[net.ai] mental states

gutfreund%umass-cs%CSNet-Relay@sri-unix.UUCP (12/12/83)

From:  Steven Gutfreund <gutfreund%umass-cs@CSNet-Relay>

Ken Laws in his little editorializing comment on my last note seems to
have completely missed the point. Whether FSA's can display mental
states is an argument I leave to others on this list. However, John
McCarthy's definition allows ant hills and colloidal suspensions to
have mental states.

gutfreund%umass-cs%CSNet-Relay@sri-unix.UUCP (12/13/83)

From:  Steven Gutfreund <gutfreund%umass-cs@CSNet-Relay>

I am very intriguied by Ferenando Pereira's last comment:

    Sorry, you missed the point that JMC and then I were making. Prygogine's
    work (which I know relatively well) has nothing to say about systems
    which have to model in their internal states equivalence classes of
    states of OTHER systems. It seems to me impossible to describe such
    systems unless certain sets of states are labeled with things
    like "believe(John,have(I,book))". That is, we start associating
    classes of internal states to terms that include mentalistic
    predicates.

I may be missing the point, since I am not sure what "model in their internal
states equivelence classes of states of OTHER systems" means. But I think
you are saying is that `reasoning systems' that encode in their state
information about the states of other systems (or their own) are not
coverered by Ilya Prygogine's work.

I think think you are engaging in a leap of faith here. What is the basis
for believing that any sort of encoding of the state of other systems is
going on here. I don't think even the philosophical guard phrase
`equivalence class' protects you in this case.

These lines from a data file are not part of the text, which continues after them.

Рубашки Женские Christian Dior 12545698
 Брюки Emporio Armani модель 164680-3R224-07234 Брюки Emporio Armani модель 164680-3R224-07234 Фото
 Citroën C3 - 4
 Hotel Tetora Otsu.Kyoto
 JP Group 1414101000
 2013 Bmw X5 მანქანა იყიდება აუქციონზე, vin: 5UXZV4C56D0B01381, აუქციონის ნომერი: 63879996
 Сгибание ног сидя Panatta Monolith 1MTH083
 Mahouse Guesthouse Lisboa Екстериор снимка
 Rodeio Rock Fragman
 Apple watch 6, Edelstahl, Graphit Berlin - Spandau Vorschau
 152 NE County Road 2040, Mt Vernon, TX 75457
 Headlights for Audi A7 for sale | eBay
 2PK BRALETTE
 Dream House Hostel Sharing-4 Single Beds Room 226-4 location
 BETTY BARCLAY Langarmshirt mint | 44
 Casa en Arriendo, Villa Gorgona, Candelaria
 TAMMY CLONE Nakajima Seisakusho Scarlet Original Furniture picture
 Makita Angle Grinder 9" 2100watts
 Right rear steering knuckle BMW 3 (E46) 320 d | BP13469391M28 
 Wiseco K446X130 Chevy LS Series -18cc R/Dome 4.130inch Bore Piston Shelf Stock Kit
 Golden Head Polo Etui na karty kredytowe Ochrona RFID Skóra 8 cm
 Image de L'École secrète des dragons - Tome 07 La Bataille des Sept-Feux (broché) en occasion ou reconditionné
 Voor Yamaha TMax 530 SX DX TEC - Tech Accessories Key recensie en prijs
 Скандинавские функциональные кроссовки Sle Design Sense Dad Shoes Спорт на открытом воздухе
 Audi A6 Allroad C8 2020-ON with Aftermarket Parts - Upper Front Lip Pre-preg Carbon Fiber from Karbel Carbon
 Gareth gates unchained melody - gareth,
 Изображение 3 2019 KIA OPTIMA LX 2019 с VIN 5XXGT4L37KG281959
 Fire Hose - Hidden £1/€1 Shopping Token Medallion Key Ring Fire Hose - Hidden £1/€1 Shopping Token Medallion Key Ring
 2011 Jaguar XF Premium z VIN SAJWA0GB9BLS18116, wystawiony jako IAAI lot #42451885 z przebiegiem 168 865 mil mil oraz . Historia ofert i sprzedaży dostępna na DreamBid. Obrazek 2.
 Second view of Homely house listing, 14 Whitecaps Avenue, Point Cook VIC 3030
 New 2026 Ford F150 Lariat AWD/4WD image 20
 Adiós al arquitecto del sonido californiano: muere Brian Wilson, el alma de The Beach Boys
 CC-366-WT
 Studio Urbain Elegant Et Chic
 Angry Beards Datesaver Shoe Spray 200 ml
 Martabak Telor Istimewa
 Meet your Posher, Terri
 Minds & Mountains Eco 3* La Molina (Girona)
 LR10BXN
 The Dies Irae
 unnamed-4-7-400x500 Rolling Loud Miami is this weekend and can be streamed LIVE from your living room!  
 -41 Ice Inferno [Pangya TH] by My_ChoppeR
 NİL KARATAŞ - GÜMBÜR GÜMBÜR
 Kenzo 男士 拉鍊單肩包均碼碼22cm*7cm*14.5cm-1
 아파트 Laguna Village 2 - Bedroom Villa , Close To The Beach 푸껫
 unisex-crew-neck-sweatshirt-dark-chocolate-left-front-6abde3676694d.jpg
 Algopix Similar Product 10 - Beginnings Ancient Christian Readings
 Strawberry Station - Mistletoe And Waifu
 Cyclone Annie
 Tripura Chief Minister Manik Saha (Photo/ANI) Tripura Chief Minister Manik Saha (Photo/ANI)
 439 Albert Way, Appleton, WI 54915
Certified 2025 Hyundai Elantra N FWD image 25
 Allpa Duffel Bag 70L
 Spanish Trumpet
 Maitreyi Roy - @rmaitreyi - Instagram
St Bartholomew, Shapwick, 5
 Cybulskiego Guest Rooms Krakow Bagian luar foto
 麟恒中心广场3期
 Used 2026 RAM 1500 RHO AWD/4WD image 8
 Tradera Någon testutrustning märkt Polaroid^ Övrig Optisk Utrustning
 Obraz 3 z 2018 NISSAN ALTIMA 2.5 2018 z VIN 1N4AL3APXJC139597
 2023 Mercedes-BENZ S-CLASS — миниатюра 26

To continue in my role of sceptic: if you make claims that you are constructing
systems that model their internal state (or other systems' internal states)
[or even an equivalence class of those states]. I will make a claim that
my Linear Programming Model of an computer parts inventory is also
exhibiting `mental reasoning' since it is modeling the internal states
of that computer parts inventory.

This means that Prygogine's work is operative in the case of FSA based
`reasoning systems' since they can do no more modeling of the internal
state of another system than a colloidal suspension, or an inventory
control system built by an operations research person.